It doesnt matter what your wife has done, you dont get a green light to cheat on her the way you are. Yes, its cheating, whether you like to hear that or not. If you are not happy in your marriage, then get out. You dont get to excuse away your own affair. I dont know why in the hell you are still with her after all that crap, but you chose to stay, so that choice binds you to be faithful. Grow up and stop flirting with the engaged girl! If you arent happy then end your marriage, and find someone who is AVAILABLE.


----------



## Yeswecan

As a side note, don't dip the pen in the company ink.


----------



## Kay43

Would I have stayed through all the cheating? Nope. For me that would have been it. Everybody is different though and I’m amazed at people that are able to work through affairs because I sure wouldn’t do it. Then again, I’ve never loved someone enough.

As far as the flirting that’s a big no no in my book. Everybody has different perspectives on what cheating is and to me you’ve crossed a big line just flirting. Two wrongs don’t make a right is what mom used to always say. So just because she cheated doesn’t give you permission to do so. 

Just stop talking to this girl in such a way. Keep it professional. Period. You shouldn’t even have to have a talk. She knows you’re married and should have never confronted you in the first place about a dream. She should have kept it to herself. I feel sorry for the guy she’s going to marry if she’s already over there flirting with a married man.


----------



## FalCod

I agree with the above mentioned comments that your wife's poor behavior doesn't entitle you to also behave badly. Your options, as a decent human being, are to divorce her or stay faithfully married. 

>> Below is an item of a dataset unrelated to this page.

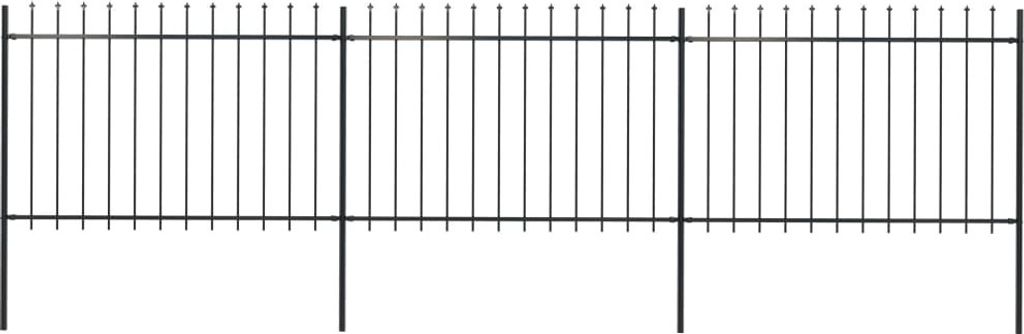 The Living Store Gartenzaun mit Speerspitzen Stahl 5,1 x 1,2 m Schwarz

On top of that, I'll add my usual admonition to stay away from crazy. A woman that is engaged who starts telling a married man that she dreamed about him is crazy. That should be obvious. Even if you were single, you would do yourself a favor by staying away from crazy people.


----------



## Mr. Nail

25 and 29 seems pretty good to me. 17 and 13 sounds sick. 
Being with an unfaithful person for 7 years makes you want to marry and have kids?
Three preschoolers at home seems to be classic time for wandering men.
I have no advice only a warning.
If you don't like drowning, stop what you are flirting Right now! you are headed towards a life of pain.


----------



## wilson

Sex hormones are very powerful and will cloud your judgment. You are not yourself right now. The flirting you're doing with this woman is warping your thoughts and weakening your moral resolve. If it keeps going on, eventually you'll find a way to justify having an affair. It will go something like, texting to lunches to happy hours to hugs goodbye to kiss on the cheek goodbye to actual kissing to hotel rooms etc. Each step will seem so small that you can justify it to yourself, but each step also warps your thinking more and you'll want to take the next step.

This woman that you think is so great, is she really? She's planning her wedding and telling you, a married man, about sex dreams she's having about you. Does that sound like a fine, upstanding, morally sound woman? Or maybe she has a poor moral foundation and is trying to pull you down to her level.

It's clear your marriage has serious problems, but this woman at work is not the solution. Dump her and work at fixing your life at home.


----------



## Cynthia

I don't think you are drowning in curiosity about the dream. You are drowning in curiosity about what it would be like to be with your coworker. And you are drowning in your poor decision making. You are in an unhappy marriage and are looking for something to cheer you up. You feel justified due to what you've put up with from your wife.

The problem is that you would be going from one bad situation into another. The woman you are interested in is not only not available, but she's not seriously committed to her fiance, just like you are not available, but your commitment to your wife is weak.

Is this really how you want to live? I doubt it, otherwise, you wouldn't be here. People have already given you good advice. I recommend you take it and move on with your life in a healthy way rather than trying to make yourself feel better by making further poor choices that will make you even more miserable in the long run. And your children... they matter in all this. Your choices impact them deeply.


----------